A density functional theory-based computational comparison of various [Ru]−L bonds in L(PCy3)Cl2RuCH2 complexes, where L is a dative ligand, shows that similar bond strengths can be expected for ruthenium−imine and ruthenium−amine bonds. The similarity remains when comparing the corresponding bond strengths in ruthenium olefin metathesis catalysts coordinated by bidentate Schiff-base ligands with those of ruthenium complexes of corresponding chelating amino-benzyloxy ligands. This observation prompted us to synthesize two bidentate amino-benzyloxy ligands and one tridentate amino-bis(benzyloxy) ligand. Ruthenium alkylidene complexes coordinated by the bidentate ligands proved to be unstable and eluded isolation. Reaction of the potassium salt of the tridentate ligand with (PCy3)2Cl2RuCHPh and (PCy3)2Cl2Ru(CH-o-OiPrC6H4) resulted in two complexes, 10 and 11, respectively, that represent the first examples of ruthenium alkylidenes (arylidenes) coordinated by an amine. 10 and 11 contain an essentially symmetrically coordinated tridentate ligand and both are also coordinated by a tri-cyclohexyl-phosphine ligand. The isopropyloxy function of the alkylidene group in 11 is not coordinated to the metal.
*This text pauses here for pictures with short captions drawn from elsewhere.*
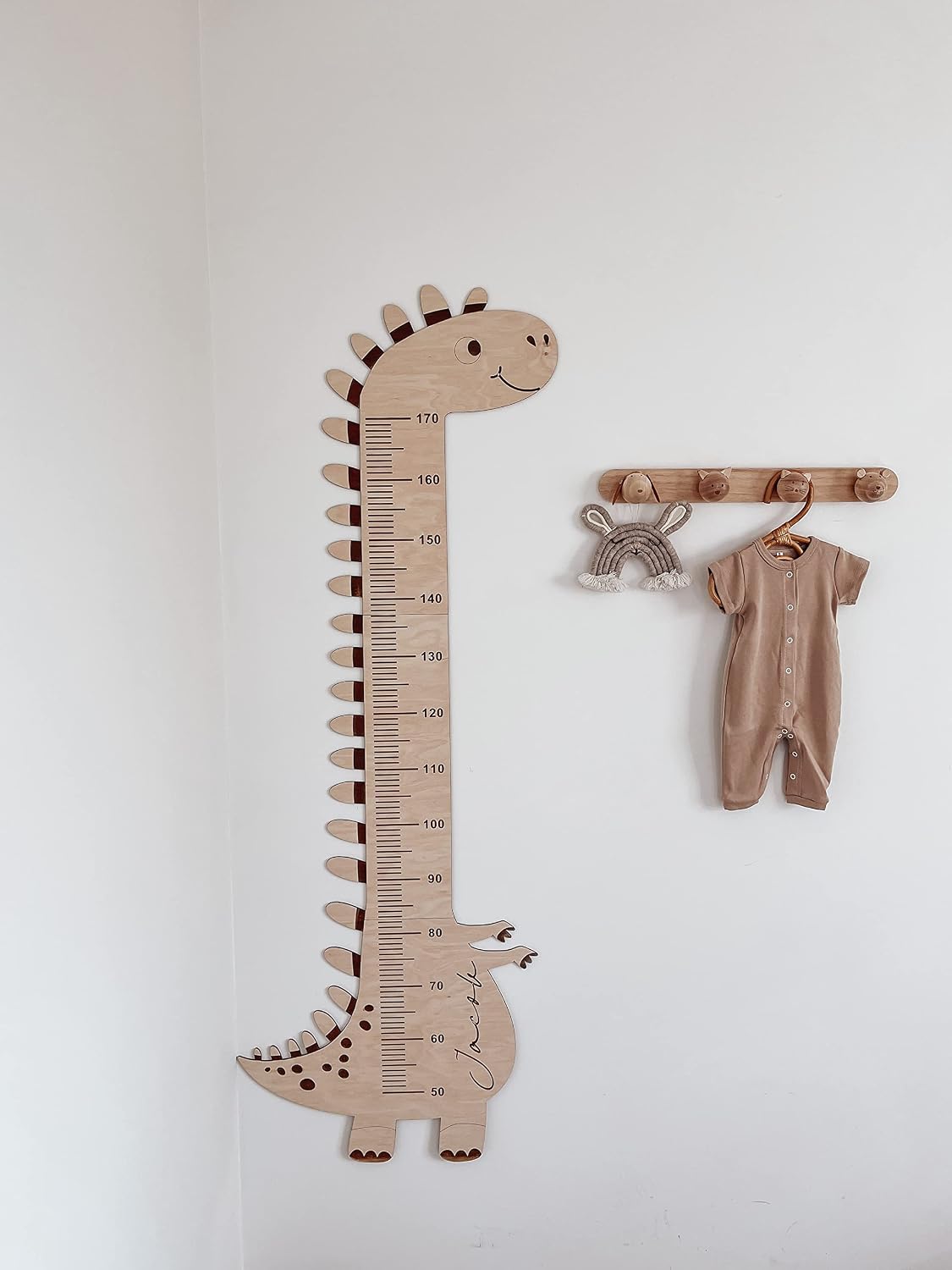 Kids Growth Chart - Dinosaur Room Decor - Boho Nursery Wall Decoration - Measuring Height with Custom Name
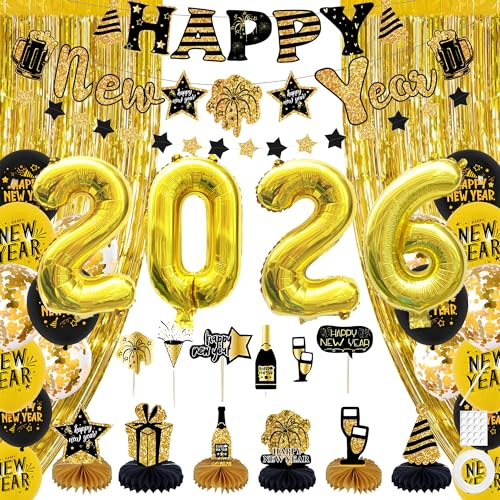 Silvester Deko 2026 Party Set, Happy New Year Silvesterdeko, Deko Silvester 2026 mit Luftballons Schwarz Gold, Girlande, Folienballons, Wabendeko, Tischdeko New Years Eve für Silvesterparty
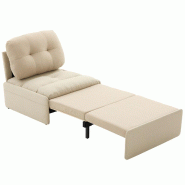 Merax Canapé-lit gigogne 2 en 1 - Chaise Simple et lit d'appoint, 195 × 81.5 × 90 cm, Tissu en Lin, canapé Multifonction Peu encombrant, Beige - b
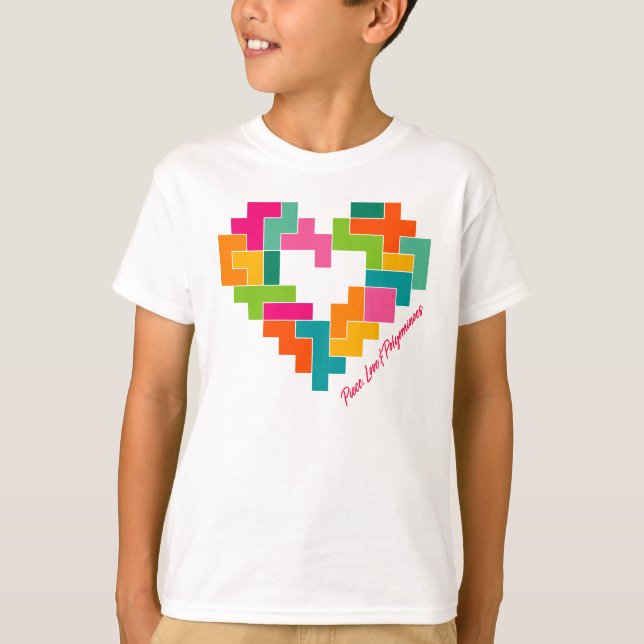Piece, Love & Polyominoes Boys Shirt (Front)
Complexes 10 and 11 are fairly stable to air, moisture, and protic solvents, but display low thermal stability. Only very low catalytic activity has been obtained in ring-closing metathesis of diethyl diallylmalonate using 10 or 11 dissolved in acid-free solvents. The presence of a Brønsted acid increases the activity dramatically, although at the expense of an increased decomposition rate of the catalyst.